Es ist sicherlich so, dass die Erwartungshaltung steigt und damit der Druck zunimmt. Davon wird eine Mannschaft allerdings nicht besser. Deshalb ist es wichtig, dass wir realistisch bleiben, und keine Tabellenplatzierung als Ziel ausgeben. Wir reden lieber darüber, welche Eigenschaften wir auch in der kommenden Saison verkörpern wollen.
Was hat sich der VfB vorgenommen?
Wir wollen eine Mannschaft sein, die für einen bestimmten Fußball steht: Mut, Intensität, Entschlossenheit, darum geht es. Und natürlich gehört es zur VfB-DNA, attraktiv und erfolgreich zu spielen. Außerdem wollen wir ein Team sein, das nie aufgibt.
Und worum geht es für den VfB in der Champions League – um das Weiterkommen?
Auch hier wollen wir vorerst nicht über Platzierungen reden. Worüber wir sprechen, sind Lerneffekte nach zwei Jahren auf internationaler Bühne. Zwei Beispiele dazu: Wir haben die Erfahrung gemacht, dass viele Spiele in den Strafräumen entschieden werden. Wir hatten zwar oft viele Chancen, doch es hat an der Effektivität gemangelt. Nun versuchen wir das Bewusstsein dafür zu schärfen, konsequenter und entschlossener im Abschluss zu sein. Der zweite Punkt ist das Game-Managing. Wann ist es wichtig, auch mal auf Zeit zu spielen, wann sollten wir uns zurückziehen, wann muss man eine Schippe drauflegen? Solche Dinge müssen auch aus der Mannschaft herauskommen und diesbezüglich wollen wir den nächsten Schritt machen.
Gibt es eine Mannschaft und einen Trainer, die Sie inspirieren?

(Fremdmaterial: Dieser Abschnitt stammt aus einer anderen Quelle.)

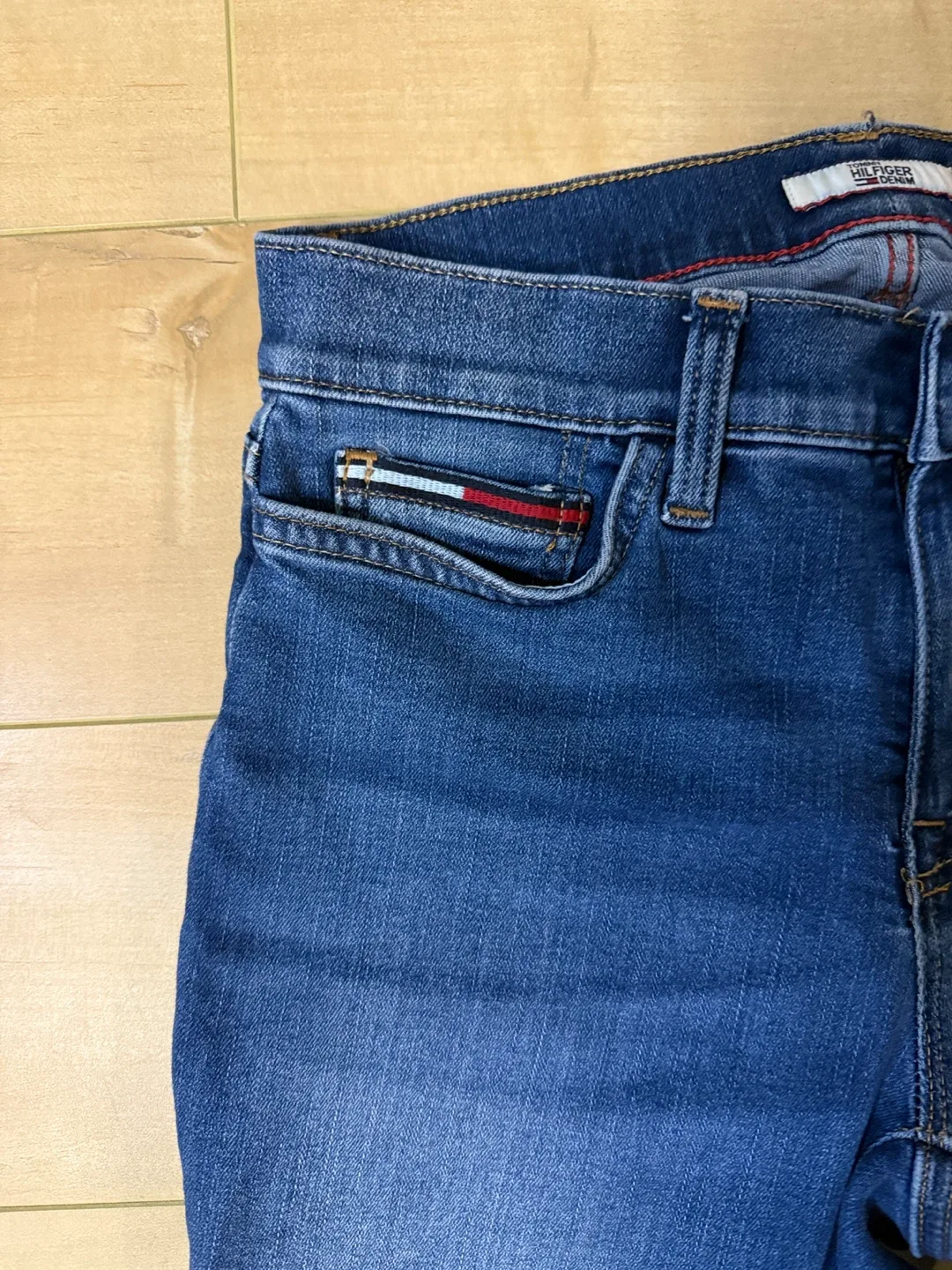 Tommy Hilfiger Denim Jeans image indicator(5)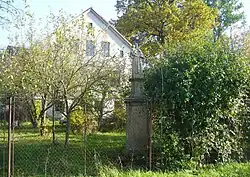 Socha svatého Antonína Paduánského v zahradě domu 143 ve Veselém (Q94447610) 01.jpg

Natürlich betreiben wir Weltstand-Analysen und orientieren uns an den international besten Teams, weil sich der Fußball ständig weiterentwickelt. Da lassen wir dann Elemente aus verschiedenen Mannschaften einfließen. Es gehört ja auch zu unserem Job, die eigenen Ideen mit anderen anzureichern. Dabei spielt etwa Paris Saint-Germain mit seiner Spielweise eine Rolle. Die Mannschaft von Luis Enrique verfügt über eine außergewöhnliche Qualität in der Offensive und dennoch bekennt sich jeder Spieler auch konsequent zum Spiel gegen den Ball.